EMAP HQ - Telephone House
I arrived at EMAP HQ for a brief meet and greet before breaking out into our separate groups to work on our projects. Initially I was due to work on an API project with the Head of Development Christos but due to some other developers being unable to attend I was pulled onto an equally exciting project for Retail Week.
I met up with Nic, Vic and George from Retail Week as well as two people from FEB to work on the concept. Retail Week host lots of live events, however retailers only send a privileged few to attend the events in person. The business case is that there’s essentially a growing need to provide future thought leaders within the Retail industry with learning materials in a new and more accessible form of content.
We quickly got to work on storyboarding user journeys and prototyping user interfaces. We identified 3 core pages to the user experience of the product.
- Home page
- Search page
- Individual video page
Considering the time constraints we decided to focus on a mobile first, static HTML representation of the final product. Early on I constrained our HTML prototypes to a mobile screen width of 320px. This allowed us to focus on distilling the core functionality and content hierarchy for the project, with the potential for building the tablet and desktop experiences on top.

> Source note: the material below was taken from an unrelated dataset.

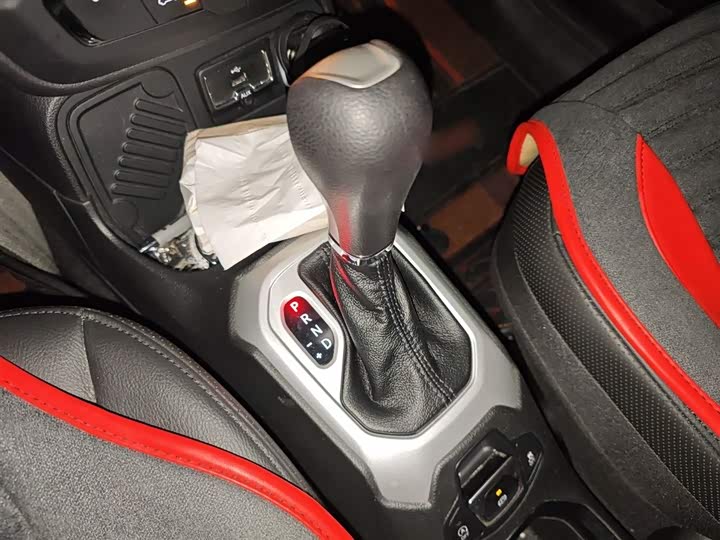 Фото 7 - Jeep Renegade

Following our storyboards, I set up a scaffold of a project with a very simple architecture, just HTML, CSS, JS, images and SVG iconography. To avoid premature discussions about content and branding, the initial prototypes were simplistic. Black text on a white background with default link colours and placeholder images.
Using this wireframing approach, over the course of the afternoon we fleshed out the HTML and structure for the 3 core pages and identified reusable functionality, creating common components such as lists of videos and ‘load more’ functionality.
Finally after creating skeletons for each page we began to add branding colours, video content, screenshots, logos and content into the product.
In no time at all the 16:30 deadline came and it was time to present our work. Christos had managed a fantastic amount of progress in the day on what was already a very accomplished API integration for the MEED brand.
Last but not least came the Retail Week presentation which Nic and George did a fantastic job on (with an adlibbed tech demo from myself).
Pub time!! We concluded the day with a trip to McQueen, a pub round the corner from EMAP. The day was a fantastic opportunity to work closely with our clients to rapidly develop products!!